23So when Joseph came to his brothers, they stripped him of his robe, the long robe with sleeves that he wore…25Then they sat down to eat; and looking up they saw a caravan of Ishmaelites coming from Gilead…
26Then Judah said to his brothers, “…27Come, let us sell him to the Ishmaelites, and not lay our hands on him, for he is our brother, our own flesh.” And his brothers agreed. 28When some Midianite traders passed by, they drew Joseph up, lifting him out of the pit, and sold him to the Ishmaelites for twenty pieces of silver. And they took Joseph to Egypt. (NRSV)
Joseph, the firstborn of Jacob’s beloved wife Rachel, enters the world as a favored son.
Try to imagine being Joseph. You grow up coddled by your father. After your mother dies giving birth to your little brother, your dad focuses on you all the more. As a young man, you must try to become yourself while carrying your father’s hopes and dreams, and your mother’s memory. You carry the burden of several lives, and only one of them is yours. Still, you can do almost no wrong. So, for all that’s truly wonderful about you, you are insufferably self-centered.
Now, try to imagine being one of Joseph’s brothers. Imagine feeling less loved than that spoiled brat. You’ve been a good son, but because your mother wasn’t Rachel, you feel as if you’ve been bred as part of a workforce the way a mule is bred to be part of a team. And when your father gives Joseph that splendid coat, it’s salt in your wounds.
Jacob’s family is unmistakably human. And its dysfunction is part of what makes the story real. The human family is always both broken and loving.
Reading through Chapter 37, we notice something else, something missing. There’s no mention of the Bible’s main character. Wherever God may be in this story, God is not being talked about, much less talking. So, this whole sleazy deal will have to play itself out before we can see where – if anywhere at all – God is lurking about, transforming brokenness into wholenes. And through it all, the naively arrogant Joseph contends with his brothers who become bitter, and mean as cornered snakes.

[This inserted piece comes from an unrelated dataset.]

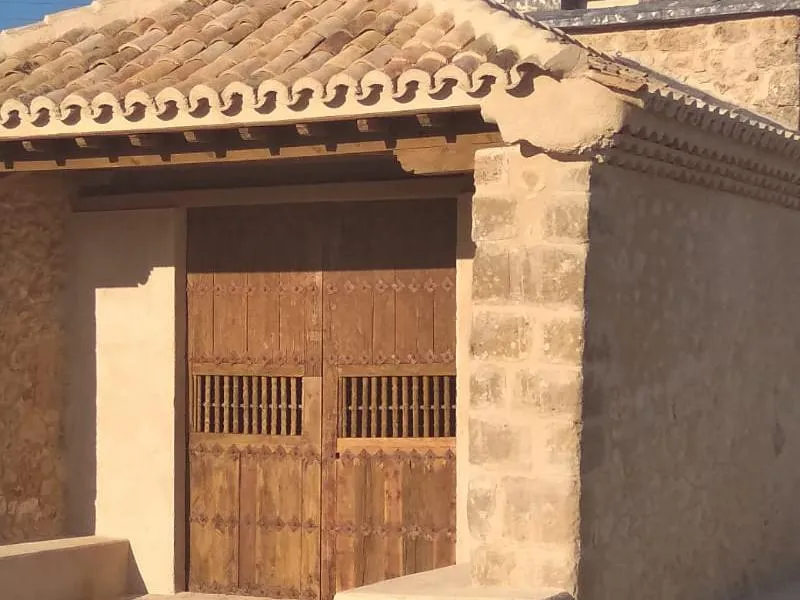 Rehabilitación de la Ermita de San Roque en Deza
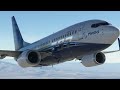 MSFS2020 | PC 4K | PMDG 737-700 | HOMEY AIRPORT TO Edwards AFB | AREA-51 | RTX-4090 | 13900K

Again, that struggle makes the story real, because when we leave God out of our stories, or when we twist our perceptions and language so as to reduce God to a servant of our purposes, love gets diminished. Psychoanalyst and author, Robert Johnson, says that hate is not the opposite of love. The opposite of love, he says, is power.1 When one person or group seeks to control another person or group for selfish gain, love is the first casualty.
When mired in desperate quests for the fleeting certainties of power and control, and when anxiety about personal privilege and tribal dominance govern our actions and attitudes, we cannot love as we are loved. And perhaps that’s because what we’re trying to do is to seize absolute control – Godlike control – over our own lives. And isn’t that the very point of the story of Adam and Eve eating the forbidden fruit (Gen. 3:1-7), or the people of Babel building the tower into the heavens (Gen. 11:1-9)? Aren’t they all trying to become “like God”? (Gen. 3:5)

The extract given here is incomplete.